WORK INSTRUCTION = When you reach the line containing "画像: 大きな岩の上の方まで" in the entries below, begin reproducing lines exactly, and stop once the line containing "Fence Stain Contractor in Southern Wisconsin" is done.

═══ MATERIAL PROVIDED

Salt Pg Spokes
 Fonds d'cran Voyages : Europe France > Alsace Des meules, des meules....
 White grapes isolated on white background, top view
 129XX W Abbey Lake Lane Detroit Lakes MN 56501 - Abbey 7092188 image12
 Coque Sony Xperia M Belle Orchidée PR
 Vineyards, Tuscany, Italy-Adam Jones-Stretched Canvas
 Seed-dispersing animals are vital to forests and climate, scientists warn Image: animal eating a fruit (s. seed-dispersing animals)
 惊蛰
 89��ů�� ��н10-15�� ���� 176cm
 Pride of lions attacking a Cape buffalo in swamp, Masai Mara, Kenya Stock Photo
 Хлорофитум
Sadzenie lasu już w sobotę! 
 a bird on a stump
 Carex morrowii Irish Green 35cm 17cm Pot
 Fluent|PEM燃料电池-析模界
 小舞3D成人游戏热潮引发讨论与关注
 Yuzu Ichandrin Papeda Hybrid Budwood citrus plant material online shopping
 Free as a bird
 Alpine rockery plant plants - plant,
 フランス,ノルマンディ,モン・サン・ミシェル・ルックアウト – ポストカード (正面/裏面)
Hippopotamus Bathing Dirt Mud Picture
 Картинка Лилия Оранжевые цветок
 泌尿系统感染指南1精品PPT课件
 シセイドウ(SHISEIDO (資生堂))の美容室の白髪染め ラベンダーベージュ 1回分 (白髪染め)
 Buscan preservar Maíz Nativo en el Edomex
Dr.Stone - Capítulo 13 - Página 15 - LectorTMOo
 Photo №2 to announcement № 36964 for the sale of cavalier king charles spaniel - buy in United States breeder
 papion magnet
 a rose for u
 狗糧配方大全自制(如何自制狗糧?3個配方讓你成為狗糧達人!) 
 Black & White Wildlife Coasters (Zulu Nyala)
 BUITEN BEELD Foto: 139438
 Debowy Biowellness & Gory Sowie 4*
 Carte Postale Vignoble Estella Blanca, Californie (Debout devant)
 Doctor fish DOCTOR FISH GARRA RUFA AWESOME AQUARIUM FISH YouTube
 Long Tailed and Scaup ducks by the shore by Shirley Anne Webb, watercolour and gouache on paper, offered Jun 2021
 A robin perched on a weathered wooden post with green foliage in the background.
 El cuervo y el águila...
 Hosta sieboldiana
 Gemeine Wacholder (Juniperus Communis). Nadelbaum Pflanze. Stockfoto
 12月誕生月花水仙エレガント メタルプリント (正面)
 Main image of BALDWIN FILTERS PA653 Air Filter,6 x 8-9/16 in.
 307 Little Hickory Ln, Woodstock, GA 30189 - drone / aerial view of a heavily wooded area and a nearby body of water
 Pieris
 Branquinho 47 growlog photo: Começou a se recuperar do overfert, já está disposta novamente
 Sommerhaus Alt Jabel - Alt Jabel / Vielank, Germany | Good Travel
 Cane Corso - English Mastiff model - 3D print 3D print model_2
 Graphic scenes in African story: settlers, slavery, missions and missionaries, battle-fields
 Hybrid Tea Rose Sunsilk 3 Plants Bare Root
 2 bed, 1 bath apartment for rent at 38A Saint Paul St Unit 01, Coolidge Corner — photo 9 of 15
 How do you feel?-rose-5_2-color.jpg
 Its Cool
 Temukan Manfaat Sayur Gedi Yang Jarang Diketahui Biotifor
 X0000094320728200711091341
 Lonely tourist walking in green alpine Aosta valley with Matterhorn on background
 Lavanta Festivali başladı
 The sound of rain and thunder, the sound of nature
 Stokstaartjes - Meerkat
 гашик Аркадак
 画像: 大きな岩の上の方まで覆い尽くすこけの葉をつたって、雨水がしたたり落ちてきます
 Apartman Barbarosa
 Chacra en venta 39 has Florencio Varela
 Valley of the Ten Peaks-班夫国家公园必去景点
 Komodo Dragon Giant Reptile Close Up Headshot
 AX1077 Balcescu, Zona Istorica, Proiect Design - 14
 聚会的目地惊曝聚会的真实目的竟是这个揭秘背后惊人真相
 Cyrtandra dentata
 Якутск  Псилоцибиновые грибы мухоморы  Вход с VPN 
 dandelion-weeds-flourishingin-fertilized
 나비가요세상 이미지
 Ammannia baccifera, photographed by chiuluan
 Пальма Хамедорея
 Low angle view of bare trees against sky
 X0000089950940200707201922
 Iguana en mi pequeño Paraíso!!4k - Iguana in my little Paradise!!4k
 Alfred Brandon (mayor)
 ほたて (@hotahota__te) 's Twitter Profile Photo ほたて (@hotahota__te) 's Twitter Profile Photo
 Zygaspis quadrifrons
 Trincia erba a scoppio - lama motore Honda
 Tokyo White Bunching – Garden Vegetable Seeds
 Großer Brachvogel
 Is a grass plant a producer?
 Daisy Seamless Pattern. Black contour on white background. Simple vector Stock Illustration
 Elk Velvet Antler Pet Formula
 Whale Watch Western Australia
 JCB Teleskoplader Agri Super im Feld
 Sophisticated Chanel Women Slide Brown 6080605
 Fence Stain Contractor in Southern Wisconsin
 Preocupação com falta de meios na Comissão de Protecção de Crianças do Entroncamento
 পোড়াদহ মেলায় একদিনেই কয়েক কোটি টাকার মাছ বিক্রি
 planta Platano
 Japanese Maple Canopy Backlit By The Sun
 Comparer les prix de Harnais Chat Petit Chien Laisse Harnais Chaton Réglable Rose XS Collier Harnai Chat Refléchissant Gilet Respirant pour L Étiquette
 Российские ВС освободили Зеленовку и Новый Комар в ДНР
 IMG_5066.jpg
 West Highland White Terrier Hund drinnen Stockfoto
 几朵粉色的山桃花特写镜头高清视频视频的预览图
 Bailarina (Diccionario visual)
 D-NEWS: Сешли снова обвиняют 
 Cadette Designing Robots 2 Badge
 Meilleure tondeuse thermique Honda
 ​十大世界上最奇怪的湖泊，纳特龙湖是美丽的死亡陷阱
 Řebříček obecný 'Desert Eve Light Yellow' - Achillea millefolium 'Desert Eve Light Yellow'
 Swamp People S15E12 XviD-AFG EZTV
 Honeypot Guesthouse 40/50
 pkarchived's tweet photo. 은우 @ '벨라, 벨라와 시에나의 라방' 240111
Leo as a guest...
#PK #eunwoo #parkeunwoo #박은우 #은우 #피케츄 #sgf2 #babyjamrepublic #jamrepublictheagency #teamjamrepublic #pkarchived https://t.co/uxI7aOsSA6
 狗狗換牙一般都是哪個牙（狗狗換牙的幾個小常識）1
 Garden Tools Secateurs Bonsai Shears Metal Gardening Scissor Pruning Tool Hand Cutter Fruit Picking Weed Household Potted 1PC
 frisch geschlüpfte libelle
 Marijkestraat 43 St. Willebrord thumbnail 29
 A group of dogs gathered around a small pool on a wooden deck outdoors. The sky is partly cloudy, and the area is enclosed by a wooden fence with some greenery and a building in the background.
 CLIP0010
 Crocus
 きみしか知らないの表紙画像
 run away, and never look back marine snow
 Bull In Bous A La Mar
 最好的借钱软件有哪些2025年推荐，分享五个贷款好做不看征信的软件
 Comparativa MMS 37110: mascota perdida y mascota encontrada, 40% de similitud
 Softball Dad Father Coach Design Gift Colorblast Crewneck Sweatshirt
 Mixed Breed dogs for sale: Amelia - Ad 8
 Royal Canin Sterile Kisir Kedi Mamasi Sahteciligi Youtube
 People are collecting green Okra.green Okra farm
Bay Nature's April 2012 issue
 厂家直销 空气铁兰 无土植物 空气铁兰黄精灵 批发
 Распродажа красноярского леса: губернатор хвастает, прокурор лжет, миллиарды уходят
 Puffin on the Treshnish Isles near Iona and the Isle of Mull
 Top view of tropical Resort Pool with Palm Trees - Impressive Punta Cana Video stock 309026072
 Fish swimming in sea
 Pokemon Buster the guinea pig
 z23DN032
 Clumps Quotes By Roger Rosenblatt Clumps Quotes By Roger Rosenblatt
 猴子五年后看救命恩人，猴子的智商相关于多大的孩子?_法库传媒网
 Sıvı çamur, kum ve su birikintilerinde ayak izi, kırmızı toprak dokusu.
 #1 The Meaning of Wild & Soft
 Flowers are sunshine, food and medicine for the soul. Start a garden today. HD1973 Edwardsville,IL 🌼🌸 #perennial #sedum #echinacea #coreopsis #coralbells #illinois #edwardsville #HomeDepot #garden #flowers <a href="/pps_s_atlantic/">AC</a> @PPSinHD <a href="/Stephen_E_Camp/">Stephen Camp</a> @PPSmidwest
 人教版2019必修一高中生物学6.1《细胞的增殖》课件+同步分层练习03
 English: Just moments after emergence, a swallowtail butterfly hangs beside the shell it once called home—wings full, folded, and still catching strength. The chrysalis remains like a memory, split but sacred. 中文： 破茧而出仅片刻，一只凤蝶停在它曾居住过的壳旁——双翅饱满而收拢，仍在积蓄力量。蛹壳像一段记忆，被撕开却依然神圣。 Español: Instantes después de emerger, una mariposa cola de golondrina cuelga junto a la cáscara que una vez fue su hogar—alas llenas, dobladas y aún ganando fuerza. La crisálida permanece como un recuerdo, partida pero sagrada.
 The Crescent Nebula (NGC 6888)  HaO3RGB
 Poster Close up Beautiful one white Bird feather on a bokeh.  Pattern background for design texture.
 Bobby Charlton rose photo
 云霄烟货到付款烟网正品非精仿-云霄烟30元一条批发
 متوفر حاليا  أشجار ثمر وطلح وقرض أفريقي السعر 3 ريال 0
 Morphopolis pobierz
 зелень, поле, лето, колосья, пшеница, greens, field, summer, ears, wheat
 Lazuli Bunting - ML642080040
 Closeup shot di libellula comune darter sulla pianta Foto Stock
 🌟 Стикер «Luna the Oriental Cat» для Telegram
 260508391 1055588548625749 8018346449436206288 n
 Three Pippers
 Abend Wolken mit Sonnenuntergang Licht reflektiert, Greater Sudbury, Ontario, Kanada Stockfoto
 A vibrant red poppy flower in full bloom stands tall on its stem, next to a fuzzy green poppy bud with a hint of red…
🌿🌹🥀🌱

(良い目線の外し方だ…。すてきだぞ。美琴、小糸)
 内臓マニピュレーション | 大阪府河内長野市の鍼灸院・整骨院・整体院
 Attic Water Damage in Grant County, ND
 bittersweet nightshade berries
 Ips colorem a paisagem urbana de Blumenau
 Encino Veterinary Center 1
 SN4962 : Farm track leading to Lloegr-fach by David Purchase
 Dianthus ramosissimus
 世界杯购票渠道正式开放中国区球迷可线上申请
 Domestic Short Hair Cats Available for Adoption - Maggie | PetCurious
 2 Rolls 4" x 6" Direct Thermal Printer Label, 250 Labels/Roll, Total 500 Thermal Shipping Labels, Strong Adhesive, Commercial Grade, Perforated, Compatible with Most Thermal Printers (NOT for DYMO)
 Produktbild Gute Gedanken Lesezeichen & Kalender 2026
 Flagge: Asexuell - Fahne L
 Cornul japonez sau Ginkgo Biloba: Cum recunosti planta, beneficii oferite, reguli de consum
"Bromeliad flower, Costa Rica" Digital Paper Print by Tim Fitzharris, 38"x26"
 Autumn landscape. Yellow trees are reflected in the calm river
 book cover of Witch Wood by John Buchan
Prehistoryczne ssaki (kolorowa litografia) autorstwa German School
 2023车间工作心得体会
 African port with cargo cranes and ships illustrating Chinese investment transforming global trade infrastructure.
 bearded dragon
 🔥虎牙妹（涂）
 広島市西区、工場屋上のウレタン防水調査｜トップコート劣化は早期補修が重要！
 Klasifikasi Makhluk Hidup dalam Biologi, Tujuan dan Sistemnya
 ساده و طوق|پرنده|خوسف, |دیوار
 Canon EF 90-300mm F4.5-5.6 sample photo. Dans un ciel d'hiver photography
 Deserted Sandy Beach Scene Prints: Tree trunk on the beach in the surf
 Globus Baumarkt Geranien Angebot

══════

SOLUTION TO THE EXERCISE =
 画像: 大きな岩の上の方まで覆い尽くすこけの葉をつたって、雨水がしたたり落ちてきます
 Apartman Barbarosa
 Chacra en venta 39 has Florencio Varela
 Valley of the Ten Peaks-班夫国家公园必去景点
 Komodo Dragon Giant Reptile Close Up Headshot
 AX1077 Balcescu, Zona Istorica, Proiect Design - 14
 聚会的目地惊曝聚会的真实目的竟是这个揭秘背后惊人真相
 Cyrtandra dentata
 Якутск  Псилоцибиновые грибы мухоморы  Вход с VPN 
 dandelion-weeds-flourishingin-fertilized
 나비가요세상 이미지
 Ammannia baccifera, photographed by chiuluan
 Пальма Хамедорея
 Low angle view of bare trees against sky
 X0000089950940200707201922
 Iguana en mi pequeño Paraíso!!4k - Iguana in my little Paradise!!4k
 Alfred Brandon (mayor)
 ほたて (@hotahota__te) 's Twitter Profile Photo ほたて (@hotahota__te) 's Twitter Profile Photo
 Zygaspis quadrifrons
 Trincia erba a scoppio - lama motore Honda
 Tokyo White Bunching – Garden Vegetable Seeds
 Großer Brachvogel
 Is a grass plant a producer?
 Daisy Seamless Pattern. Black contour on white background. Simple vector Stock Illustration
 Elk Velvet Antler Pet Formula
 Whale Watch Western Australia
 JCB Teleskoplader Agri Super im Feld
 Sophisticated Chanel Women Slide Brown 6080605
 Fence Stain Contractor in Southern Wisconsin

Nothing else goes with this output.